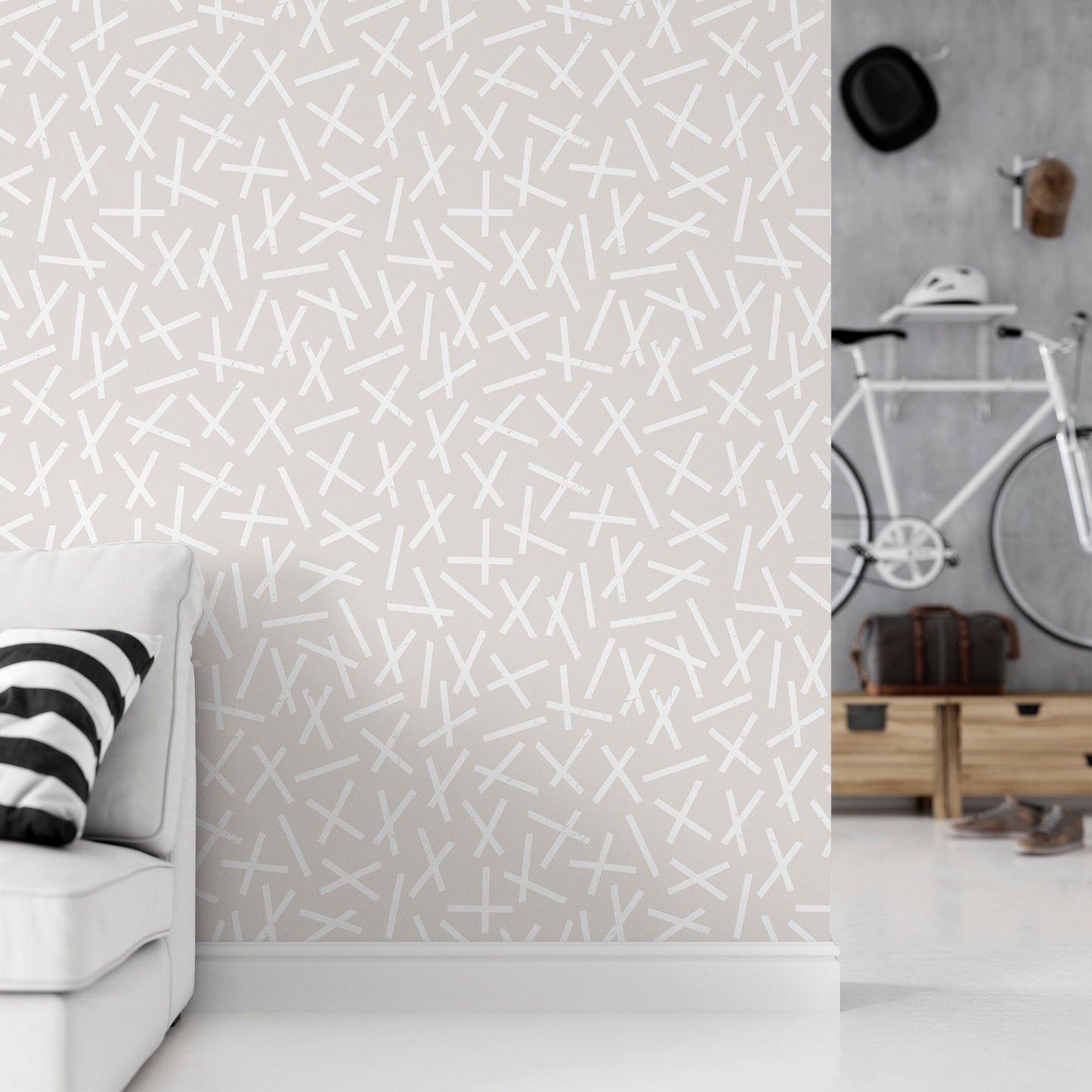 Background with sprinkles design in neutral colors - OCP TINY THINGS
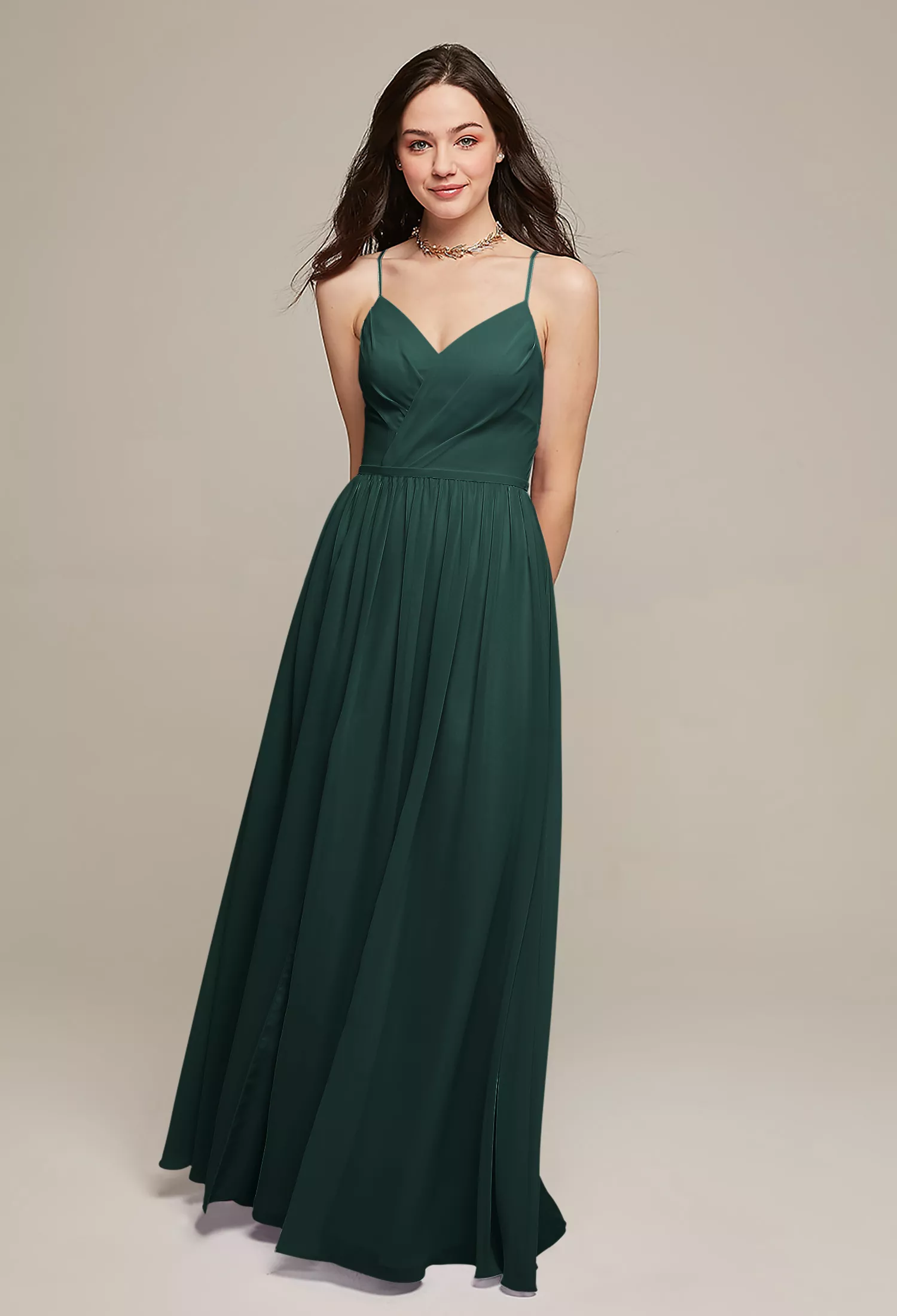 AW Wilfreda Dark Emerald  Maternity Bridesmaid Dresses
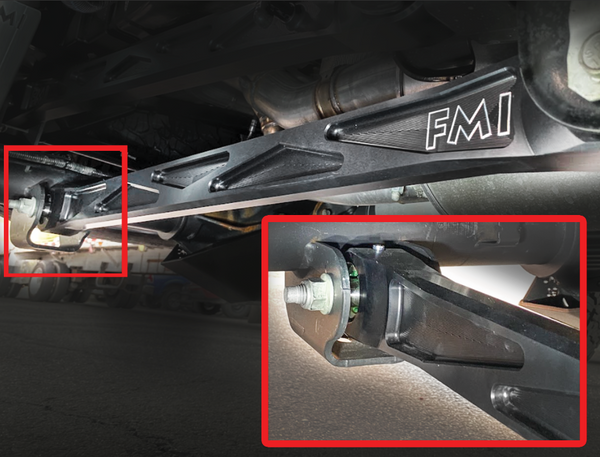 2024 Ranger Raptor - Rear Lower Billet Aluminum Suspension Arms with U ...
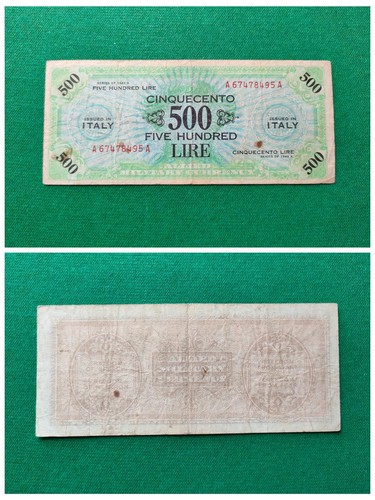 500 lire bilingue 1943 - am,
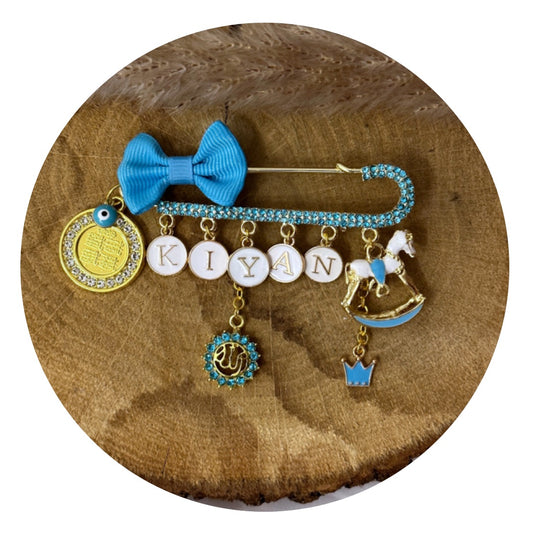 Modell KIYAN mit blauer Strassansteckndalel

■ **Problem description**
Locate the line containing "500 lire bilingue" in the records above, then output it and every line after it through the last, excluding pictures.

■ **Answer**
 500 lire bilingue 1943 - am,
 Modell KIYAN mit blauer Strassansteckndalel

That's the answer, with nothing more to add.